As another Australian family endures the soul-destroying grief of the loss of a young son in Afghanistan - the fourth in a week - the debate about the nation’s role in the campaign has shifted into fraught territory.

Some surveys show that the majority of Australians want the troops to be brought home immediately. Our political leaders say we must hold our nerve and harden our resolve for more losses in the weeks ahead.
Given that only two of the four latest casualties, Sgt Brett Wood and special-forces combat engineer Rowan Jaie Robinson, were killed in action fighting the Taliban the bipartisan position is the right one for a host of reasons.
For the people running the war, such as the Commander of Joint Task Force 633 Major General Angus Campbell, any withdrawal at this point would be a tactical and strategic disaster.
A thoughtful officer with several years as the civilian deputy national security adviser behind him, Campbell is hardly a gung ho warrior type, but the former special-forces officer is blunt in his assessment of the situation in Oruzgan Province.
“We have the initiative,” he said in his office at this dusty desert air base east of Dubai.
Campbell said that the insurgency has been pushed outside the population centres and low level enemy fighters were now asking the question, ‘Why are we fighting’?
“Their operations are less effective now compared to previous years,” he said.
“That is the product of very hard work by the Afghans and Coalition forces during the last 24 months to build the Afghan security force.”
Campbell wants to leave the Afghan government in control of security in Oruzgan in 2014 managing what by then would hopefully be a remnant insurgency.
His view is backed by the commander of Afghan forces in southern Afghanistan Brigadier General Abdul Hamid.
The hardened fighter believes that the insurgency is at a tipping point in Oruzgan.
“100 former Taliban have come over to our side in Chora in the past two months,” Gen Hamid said.
“We had three come in with weapons this week and many others are putting away their weapons.”
The key to any counter-insurgency operation is squeezing out the enemy so that they become irrelevant and after five years of hard work in Oruzgan that is now happening.

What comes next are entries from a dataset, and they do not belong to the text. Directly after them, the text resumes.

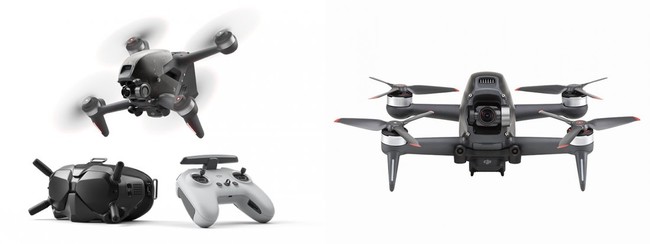 FPVドローンが史上最大値下げ！最大34,760円OFFの「DJI FPV スペシャルセール」がスタートのサブ画像2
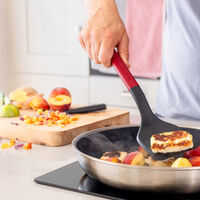 Classic spatel, empire red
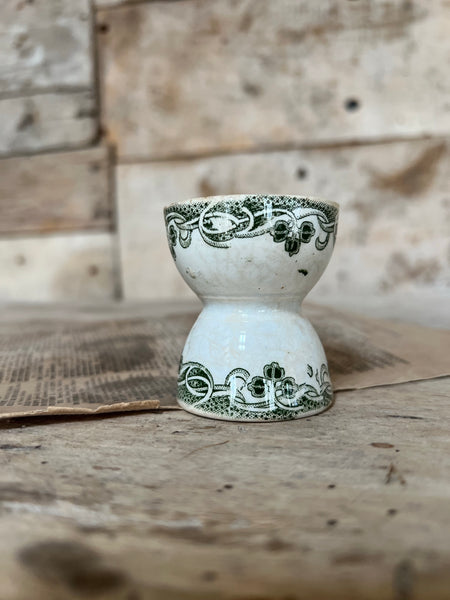 Vintage French Eggcup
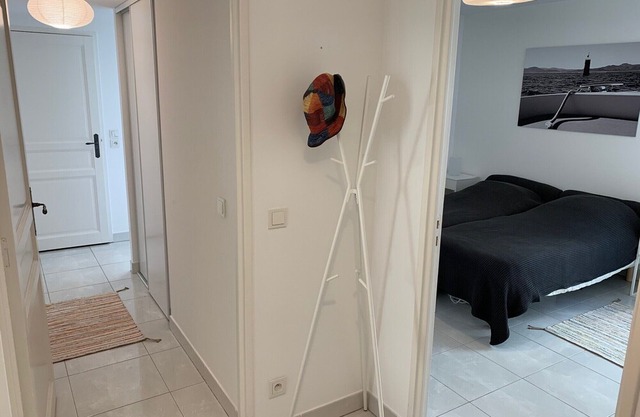 BEAUTIFUL APARTMENT NEW CENTER SAINT TROPEZ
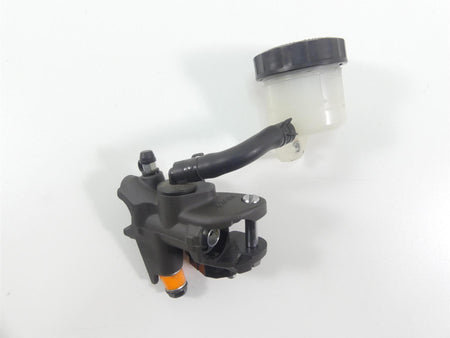 2012 Kawasaki ZX1400 ZX14R Ninja 11/16 Radial Brake Master Cylinder 43015-0150 {{ shop.shopifyCountryName }} - Mototech271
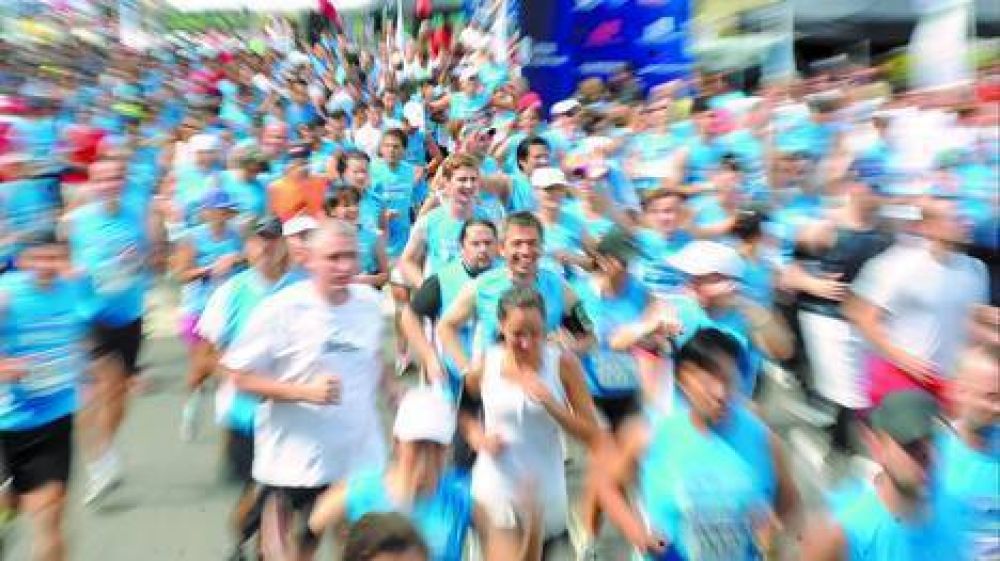 El boom �runner�: En cuatro a�os se duplic� la cantidad de gente que corre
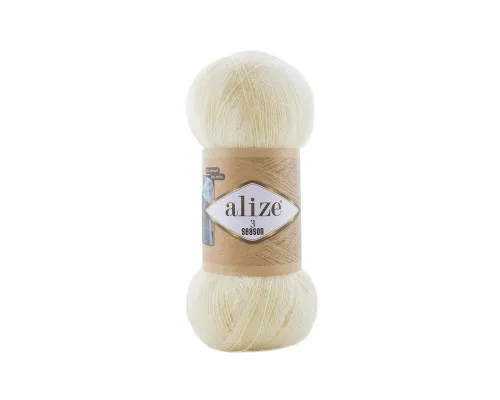 Пряжа 3 Season Alize/ 3 Сезон #62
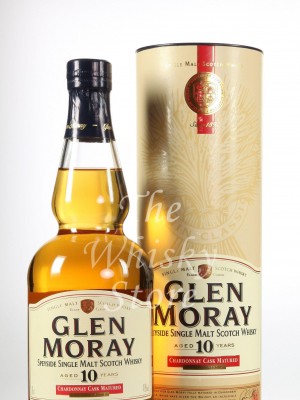 Glen Moray 10 Year old Chardonnay Cask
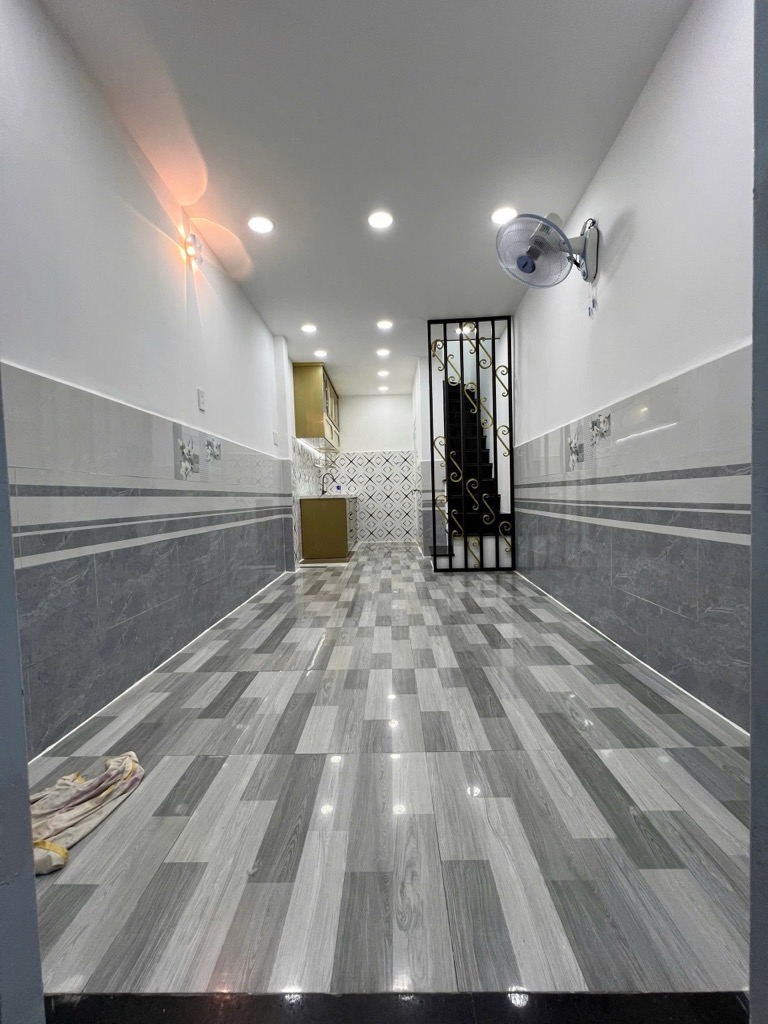 Bán nhà mặt tiền Đường số 8, Bình Tân gần Aeon Tân Phú, 20m2 - 3x7 - 2 tầng, chỉ hơn 2 tỷ. - Ảnh chính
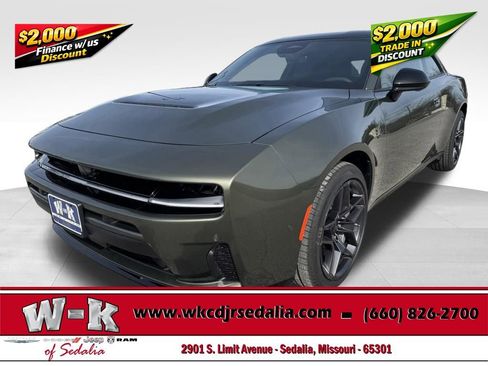 New 2026 Dodge Charger R/T Scat Pack image 8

It has cost much in blood and treasure, but with 3000 Afghan National Army troops now trained up along with 1800 police and 2500 coalition forces, the Taliban is becoming irrelevant.
Major General Campbell said the biggest surge in Afghanistan during the past 12 months was the 80,000 fully trained ANA soldiers and police.
“That is an enduring surge,” he said.
As the debate in America, Britain and Australia focuses on draw downs and withdrawal dates, Campbell and his troops are focused on training the ANAs 4th Brigade so that it can secure the province.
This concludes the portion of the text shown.